> **PROBLEM TO WORK ON**
From the line containing "LOUIS VUITTON Pre-owned" down to the last line of the listing, quote everything word for word, and nothing else, keeping pictures out.

· · ·

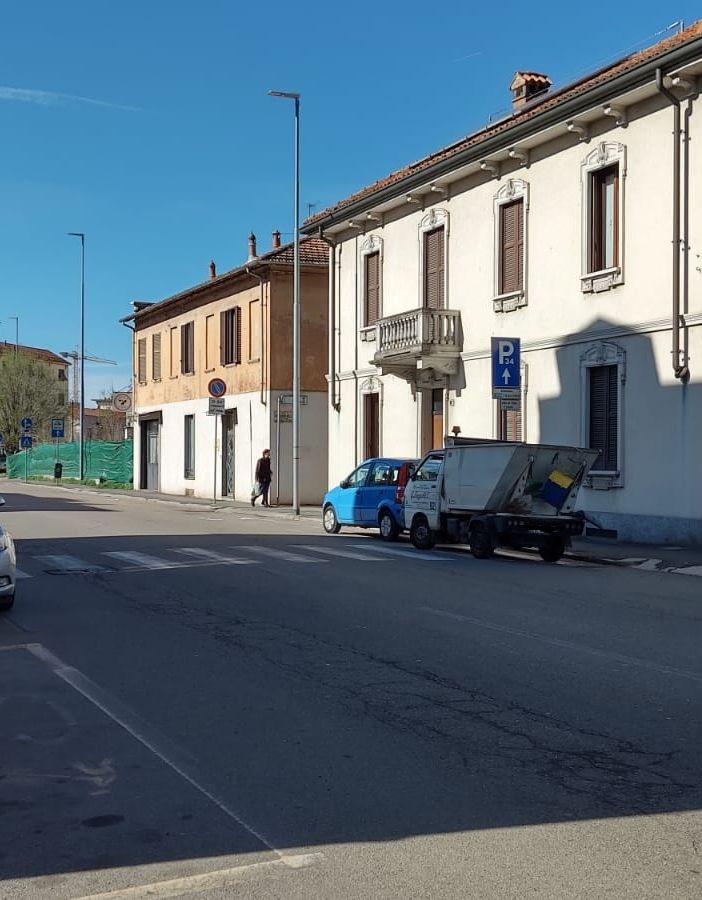 La zona nella quale è avvenuto il litigio per cause di viabilità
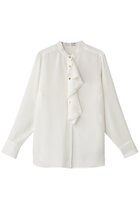 【ベイジ,/BEIGE,】のSTOW(ストー)/バンドカラーフリルブラウス Ecru|ID: prp329100004185427 ipo3291000000036221018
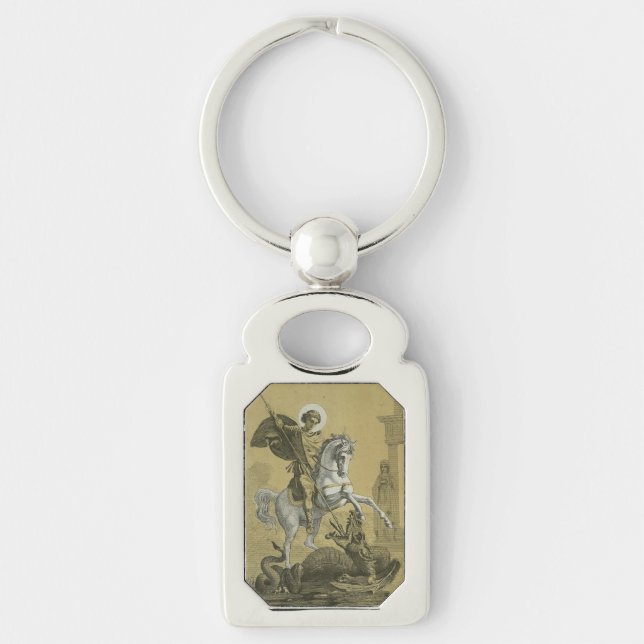 St. George Patron in England Schlüsselanhänger (Vorderseite)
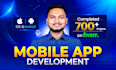 do flutter mobile app development for ios and android as flutter developer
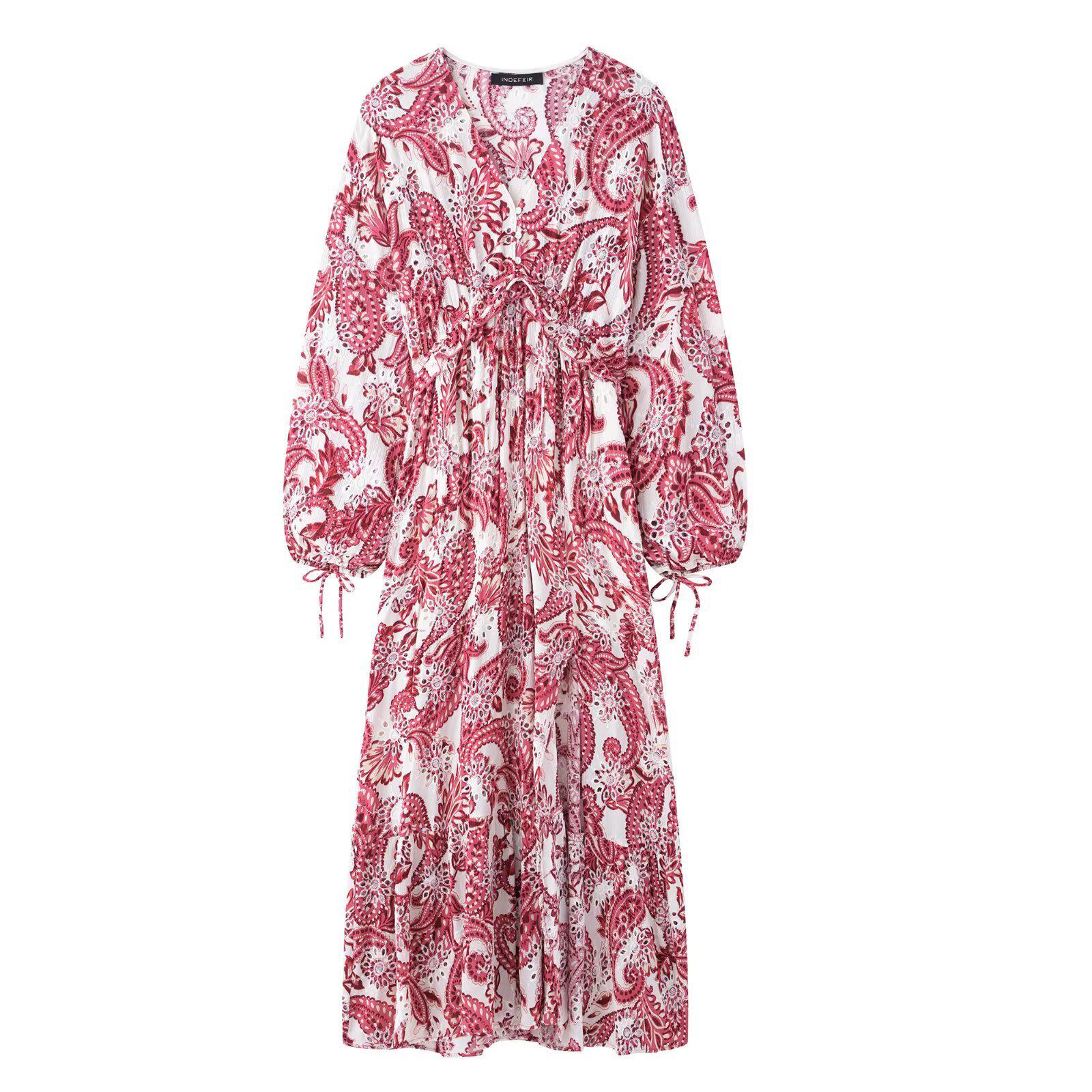 

TAOP&ZA Элегантное женское платье с вышивкой и длинным рукавом для весны/лета Medium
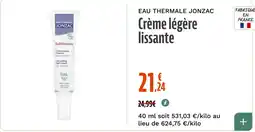 La Vie Claire EAU THERMALE JONZAC Crème légère lissante offre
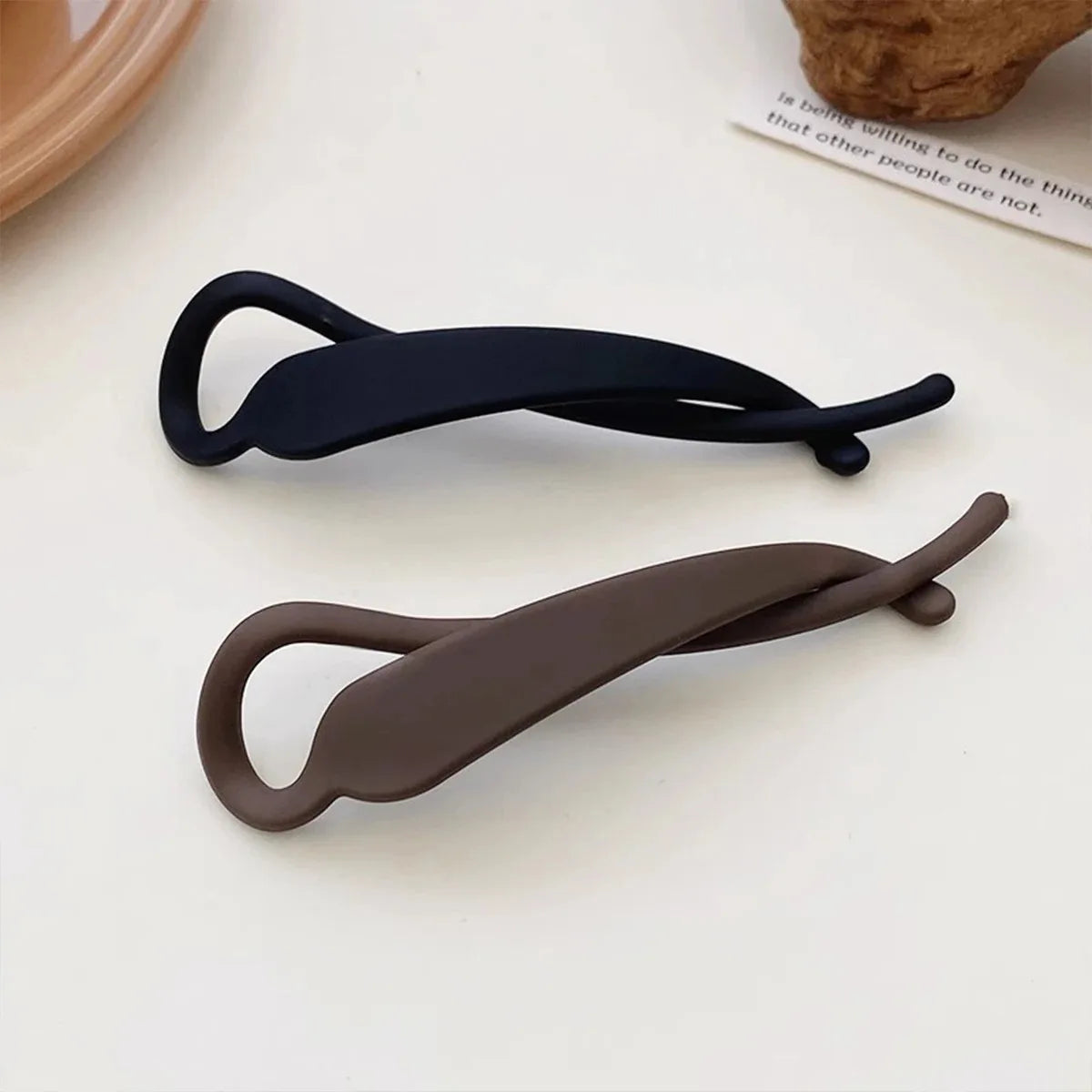 2pcs Simple Fashion Banana Clip Vertical Clip Ponytail Hair Clip Elegant Temperament Hair Accessories for Women to Wear Zpaxo 2pcs Size fits all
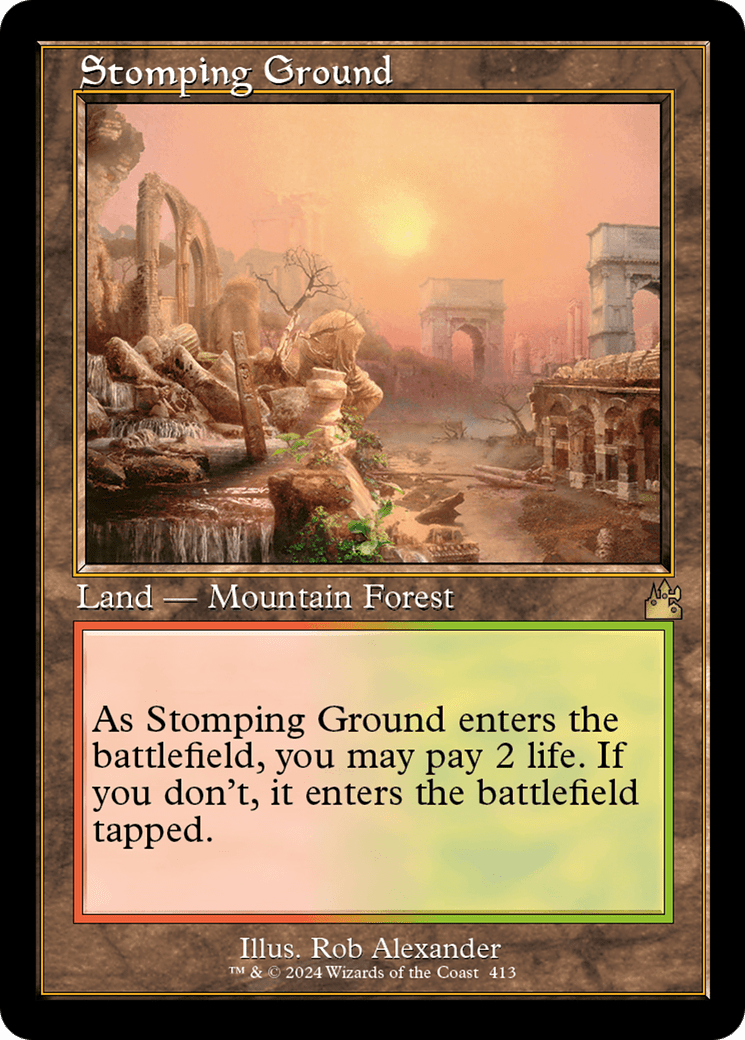 Stomping Ground (Retro) [Ravnica Remastered] MTG Single Magic: The Gathering  | Multizone: Comics And Games
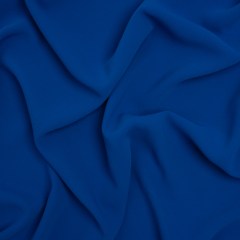 Polyester Crepe – Cobalt Blue – Designer Deadstock Polyester Crepe – Cobalt Blue – Designer Deadstock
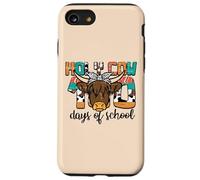 Holy Cow Highland Funny 100th Day of School 100 Days Kids Coque pour iPhone SE (2020) / 7/8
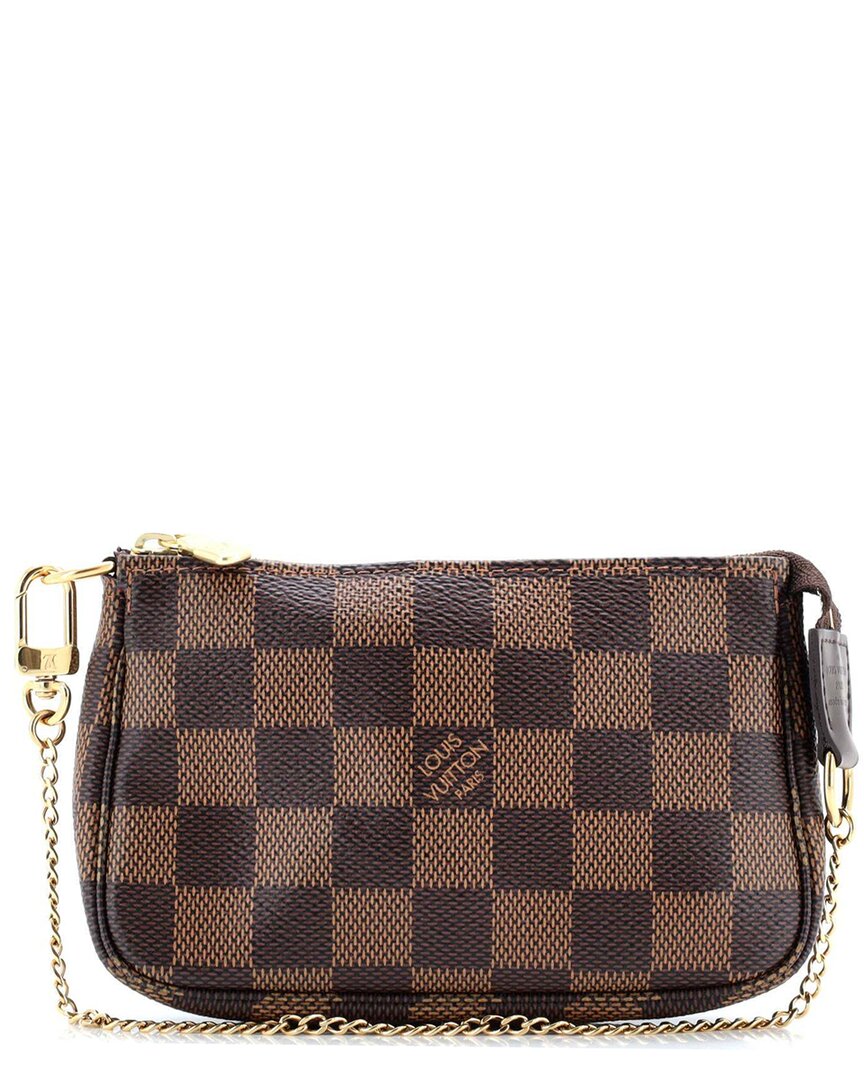 LOUIS VUITTON Pre-owned Brown Damier Pochette Accessoires Mini (authentic Pre-loved)
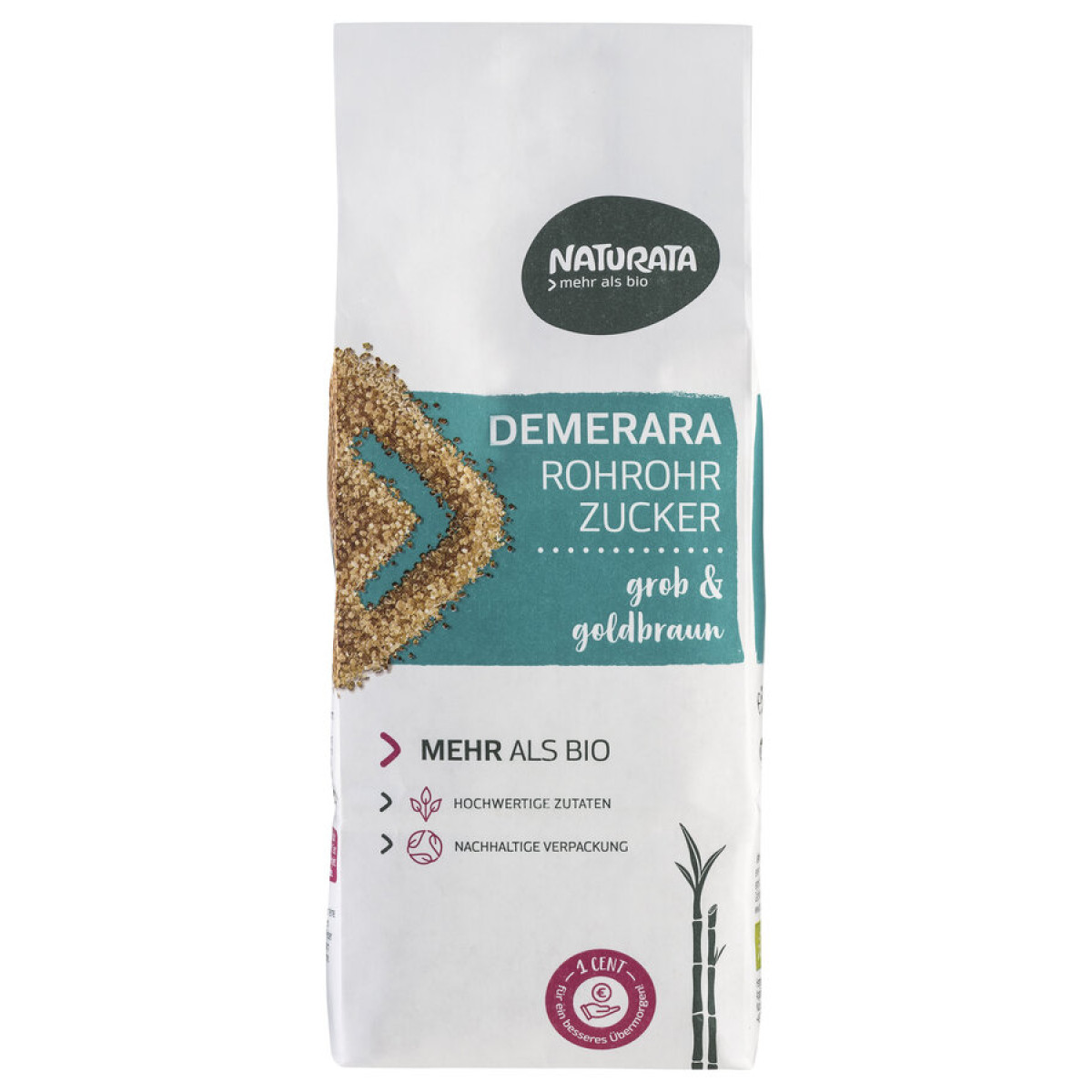 DEMERARA Roh-Rohrzucker von Naturata | Bio, vegan | Backz...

· · ·

> **SOLUTION FOR THIS TASK**
 LOUIS VUITTON Pre-owned Brown Damier Pochette Accessoires Mini (authentic Pre-loved)
 DEMERARA Roh-Rohrzucker von Naturata | Bio, vegan | Backz...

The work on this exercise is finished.